Items from a dataset ▸

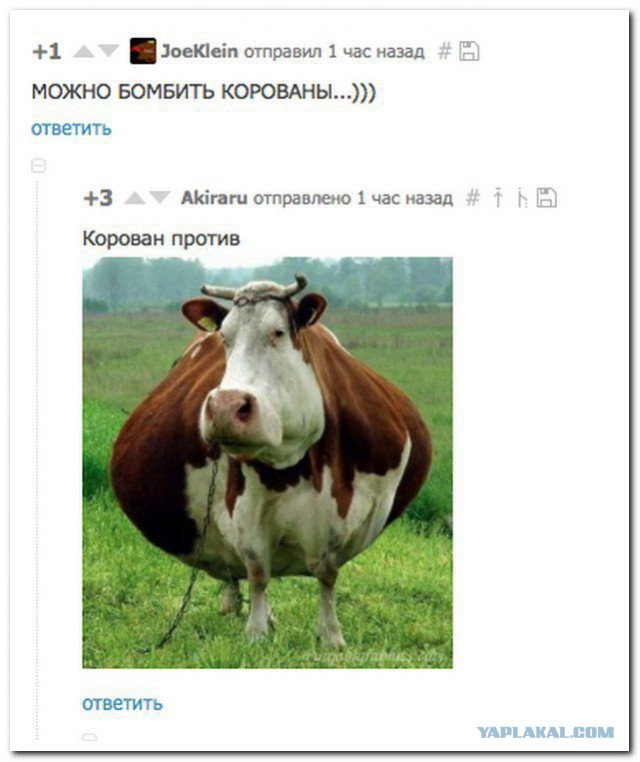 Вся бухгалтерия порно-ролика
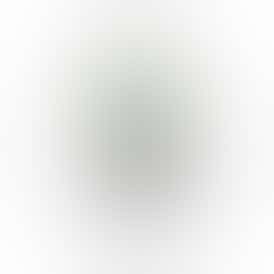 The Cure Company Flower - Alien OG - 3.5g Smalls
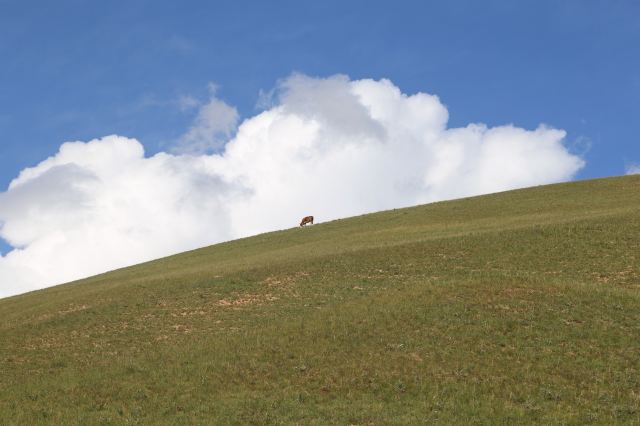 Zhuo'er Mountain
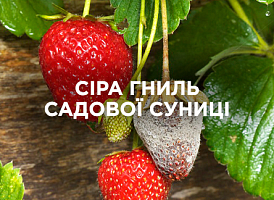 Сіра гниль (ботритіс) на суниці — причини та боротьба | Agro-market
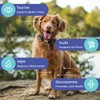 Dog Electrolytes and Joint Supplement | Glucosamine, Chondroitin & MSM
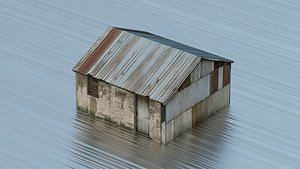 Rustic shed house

YOUR OBJECTIVE ▸ What is needed is an exact restatement of every line from the line containing "Dog Electrolytes and" through the last line of the records, minus any pictures.

ANSWER BOX ▸
 Dog Electrolytes and Joint Supplement | Glucosamine, Chondroitin & MSM
 Rustic shed house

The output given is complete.